Limits using Trig Functions

• Sep 22nd 2008, 04:17 AM
Roxanne
Limits using Trig Functions
Can someone help me with this: Find the limit if the limit exists:

lim x-tanx
x->0 sinx

lim 1 - sine^2 (1)^2
x->-2- t (t)
• Sep 22nd 2008, 05:08 AM
mr fantastic
Quote:

Originally Posted by Roxanne
Can someone help me with this: Find the limit if the limit exists:

lim x-tanx
x->0 sinx

Mr F says: $\displaystyle {\color{red} \lim_{x \rightarrow 0} \frac{x - \tan x}{\sin x} = \lim_{x \rightarrow 0} \left( \frac{x}{\sin x} - \frac{1}{\cos x} \right) = \lim_{x \rightarrow 0} \frac{x}{\sin x} - \lim_{x \rightarrow 0} \frac{1}{\cos x}}$

lim 1 - sine^2 (1)^2 Mr F says: This is incomprehensible.
x->-2- t (t)

..
• Sep 22nd 2008, 07:02 AM
Roxanne
Limits using trig functions
find limit if limit exist:

lim 1/t^2 sin^2 (t/2)
x->0
• Sep 22nd 2008, 09:39 AM
Soroban
Hello, Roxanne!

If no one is answering, there is confusion in your statement . . .

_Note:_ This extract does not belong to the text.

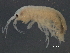  ( - BIOUG17846-G09)  @13 [ ] CreativeCommons - Attribution (2015) CBG Photography Group Centre for Biodiversity Genomics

I must assume it says: .$\displaystyle \lim_{x\to0}\frac{\sin^2\!\frac{x}{2}}{x^2}$

In the denominator, multiply by $\displaystyle \frac{4}{4}$

. . $\displaystyle \lim_{x\to0}\,\frac{\sin^2\!\frac{x}{2}}{\frac{4}{ 4}\cdot x^2} \;=\;\lim_{x\to0}\:\frac{\sin^2\!\frac{x}{2}}{4\cd ot\frac{x^2}{4}} \;=\;\lim_{x\to0}\:\frac{1}{4}\cdot\frac{\sin^2\!\ frac{x}{2}}{(\frac{x}{2})^2}$ .$\displaystyle = \;\frac{1}{4}\cdot\lim_{x\to0} \left(\frac{\sin\frac{x}{2}}{\frac{x}{2}}\right)^2 \;=\;\frac{1}{4}\cdot1^2 \;=\;\frac{1}{4}$

• Sep 22nd 2008, 01:12 PM
mr fantastic
Quote:

Originally Posted by Roxanne
find limit if limit exist:

lim 1/t^2 sin^2 (t/2)
x->0

Do you mean $\displaystyle \frac{1}{t^2} \, \sin^2 \frac{t}{2}$ ? If so note that:

$\displaystyle \frac{1}{t^2} \, \sin^2 \frac{t}{2} = \frac{\sin^2 \frac{t}{2}}{t^2} = \frac{1}{4} \, \left( \frac{\sin \frac{t}{2}}{\frac{t}{2}} \right) \, \left( \frac{\sin \frac{t}{2}}{\frac{t}{2}} \right)$.